BILITOLERANCE aimed at examining a potential role of BVRA in the establishment of disease tolerance to infection. BVRA is a central enzyme in heme catabolism, responsible for converting biliverdin to the antioxidant bilirubin following heme degradation by HO-1. Heme catabolism has been shown to be central for the establishment of disease tolerance to infection and is generally regarded as a potent cytoprotective mechanism. However, although BVRA is an essential component of the heme catabolic pathway, it was not known whether its expression was protective in severe infections leading to sepsis. BILITOLERANCE tested this hypothesis and concluded that Bvra expression is negligible in polymicrobial sepsis. Nevertheless, contingent on these results, we proposed alternative hypotheses regarding a potential role for BVRA in other infection models, namely influenza infection, toxoplasmosis and malaria. We tested these alternative hypotheses and uncovered a hitherto unknown critical role for BVRA in surviving a mouse model of malaria, in that mice lacking Bvra expression fully succumb to an otherwise non-lethal Pcc infection (see attached Fig. 3A). These results are still in line with the main postulate that BVRA plays a role in establishing disease tolerance to infection, in particular within the scope of Pcc infection and malaria. We have additionally discovered that in the absence of Bvra expression, mice are unable to clear the invading parasite, indicating that BVRA likely plays a role in resistance to infection as well.
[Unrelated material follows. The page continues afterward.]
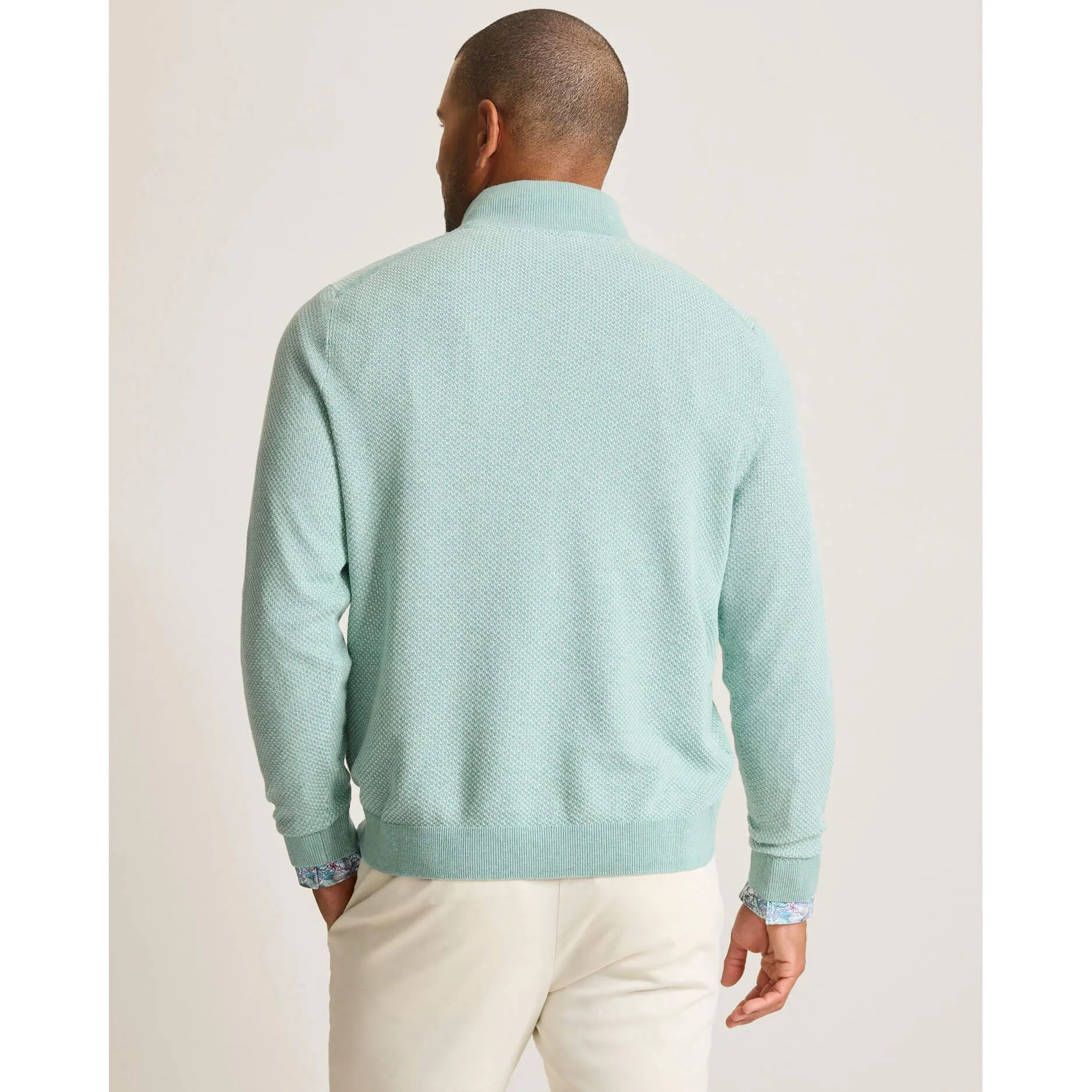 Tommy Bahama Men's IslandZone New Coolside Legend Half Zip Pullover Sweater - Aquifer Heather Mens Tommy Bahama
Malaria is responsible for ~200 million yearly infections and 400.000 deaths worldwide (WHO data), and is at risk of spreading to non-endemic areas due to climate alterations that favor insect vector growth. This, combined with increasing resistance to anti-malarial drugs makes it urgent that new therapeutic options are developed and put into action.
Our data provide a significant advance in our understanding of malaria and provides a basis for therapeutic exploitation targeting aspects of both disease tolerance and resistance mechanisms. For instance, the salutary effects of BVRA could be mimicked or enhanced via therapeutic bilirubin administration, or by other means that enhance its protective activity in Plasmodium spp. Infections. This work is still ongoing and is expected to generate molecular targets that can be further researched and harnessed for their potential therapeutic effects in infection. As such, the outcome of BILITOLERANCE has generated important knowledge for academia, which also bears the potential to directly decrease disease burden of infectious diseases globally, and better equip the EU to deal with possible future challenges of spreading tropical infectious diseases like malaria.